Wednesday, September 30, 2015

Guest Post: The Beast in Me by Billierosie

The Beast in Me
Guest Post by Billierosie
I'm thrilled to announce that my latest book, The Beast in Me, is now available at Amazon! As usual I delve into the world of Fetish; going ever deep into our psyche, and what it is that turns us on. As I write my tales, I am telling myself the story as it unfolds in my mind; my shock at this tale had me reeling.

I began with a scenario; a man and a woman; their first real life meeting. They met online; there was an allure for both, a recognition of a kindred spirit. Now they are deep into a tricky conversation. The setting is in the English countryside; it is late spring. The theme, the thread running through the story, is the sacred and profane…followed by a huge, sticky sweet spoonful of ‘what if?’

“I don’t understand…”
“No, I don’t understand either…”

His eyes wander from her hazel gaze, over the green fields dappled with spring sunlight to the blue green vale of woodland in the distance. A murder of crows caw at each other; squabbling noisily.

Over the hills and far away…he hears the monotonous, low moan of a chain saw. He should leave; he knows it, but what will he go back to?

Slowly, the darkness will stir him; the fantasy that has haunted his dreams, waking and sleeping since childhood, will creep up on him and he will weep that he hadn’t embraced the sweet vision of it when he’d had the chance.

These things he knows; fact…”


***

Here is a blog post about The Beast in Me, from Eric Keys.


“This is not a book for everyone. Before I start, let me tell you that these two stories are hot. The sex is twisted but hot. Now, let me get philosophical.

I loved this book – especially the first half – the story of Noah and Daisy. Noah and Daisy both have a rather unusual fetish and they need each other to help fulfill it. Along the way they learn a thing or two about the sacred and the profane, about nature and the unnatural, about the laws of god and man. I dont want to make this sound like it is a book about theology, but in some sense, it is. In this sense, billierosie is a sort of kindred soul to me. We see things very differently, but both of us see the sexual – and, especially, the erotic – as an angle from which to approach deeper topics.

Noah and Daisy meet in order to violate the laws of god and man. And they do it. And in the process they uncover new yearnings. It ends up being a sweet and conflicted story. And its wonderful.
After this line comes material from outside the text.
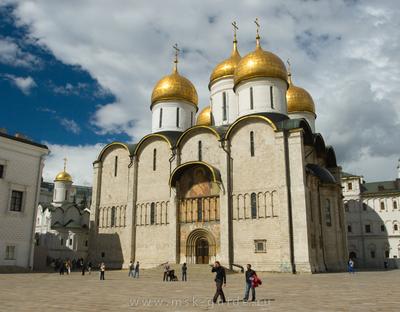 Успенский собор в Кремле: фото, адрес, онлайн виртуальный тур, как  добраться, часы работы, история
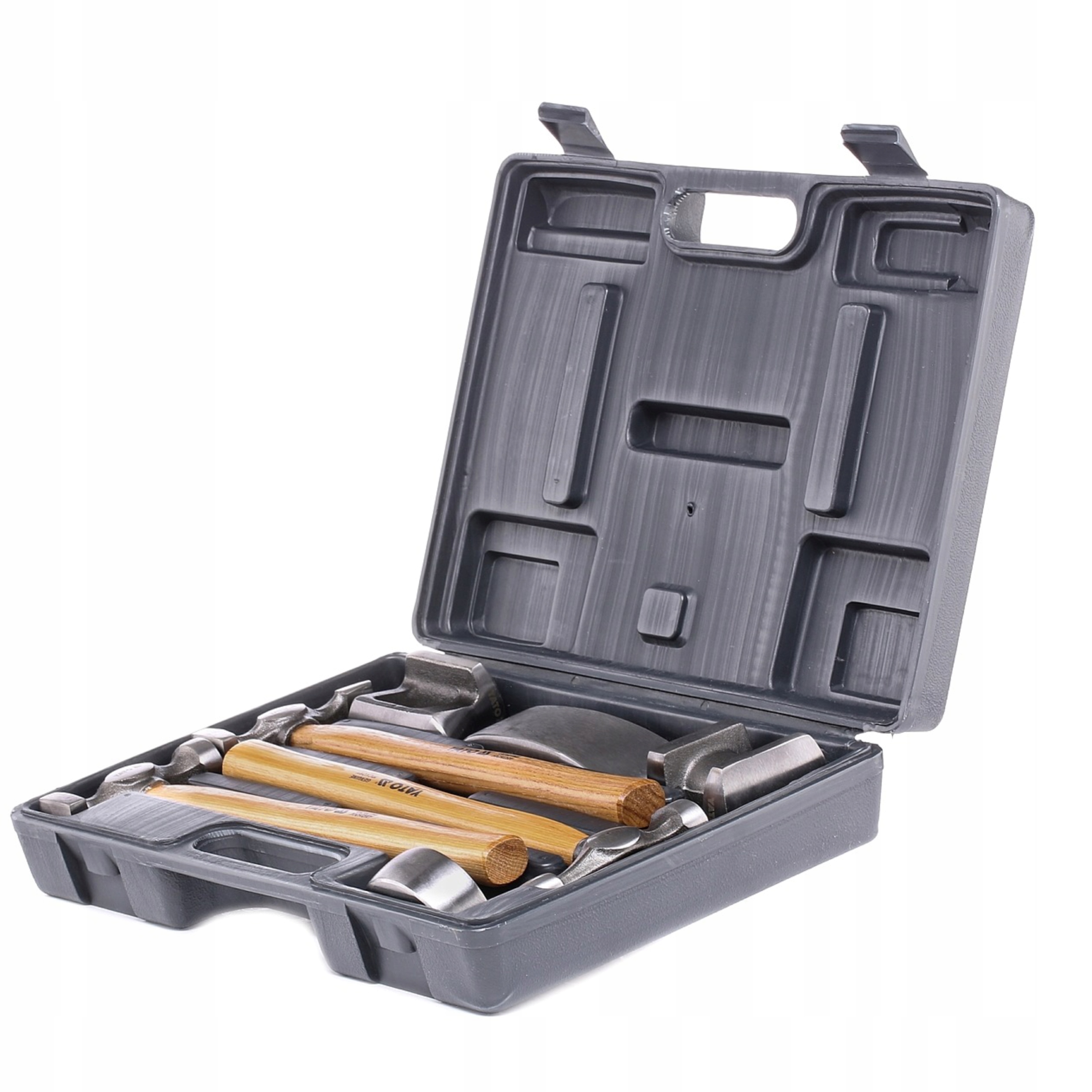 YATO ZESTAW BLACHARSKI HIKOROWE TRZONKI YT 4590 Brand Yato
The second story dips into ancient mythology. In a sense the theological themes are more overt but given the setting and our general attitudes toward Greek mythology, it is much easier to dismiss them and focus on the hot sex. The characters arent as well-developed as in the first one, but the pace is much closer to what one would normally expect from an erotic story.
So, if the first one isnt to your taste, push on through and read the second. I enjoyed both of them immensely but I think the first one is the one that will linger in my mind.”


***

Heres my book description at Amazon.

Our sexual proclivities are an enigma. We have them, we know that they are there; we hide them, we keep them secret – sometimes we act on them. We cannot talk about them – no one would understand. We feel heated shame. We block feeling, turn away from feeling; we do anything not to feel. We crush the horror of the terrible deed that the little voice inside our head bids us do. Freud tells us that repressing feeling will amount to neurosis – Jung says pretty much the same – the repressed will bubble to the surface in one way or another – it will find a way out.
It will find its voice and it will demand to be heard.
The two stories presented here delve into the idea of ‘what happens next?’ What do you do – where do you go, after crashing and smashing your way through the final taboo?
A Queen, her depravity told through the millennia. Homer tells her story –Pasiphae the unnatural; the King, her husband, made a cuckold. Men snigger about the royal couple – even now, centuries later. What she did, her shame exposed to all, when she gave birth to a monster.
If you know Homer’s story about the Minotaur, you will know that the Monster is proof that Queen Pasiphae was indeed guilty of a terrible perversion.
And my own tale “The Beast in Me;” the taboo ever present in Daisy and Noah. They are lovers, besotted with each other; besotted with a terrible secret. They break man’s law and God’s law too.
Sensitive readers should be cautious, especially if easily offended.

***
Some comments from readers.

What have you done to me??? I just finished the Daisy and Noah story. I am almost scared to keep reading.”

“First off... Fucking hot. What's wrong with me?”

“Secondly... Damn, that was a touching story. The weird relationship between the two, the sense they have of the profundity of the events, the way it scares them and changes them and makes them seem so fragile and real.”

“Fuck you, billierosie! And I mean that in the best possible way. You're fucking awesome!”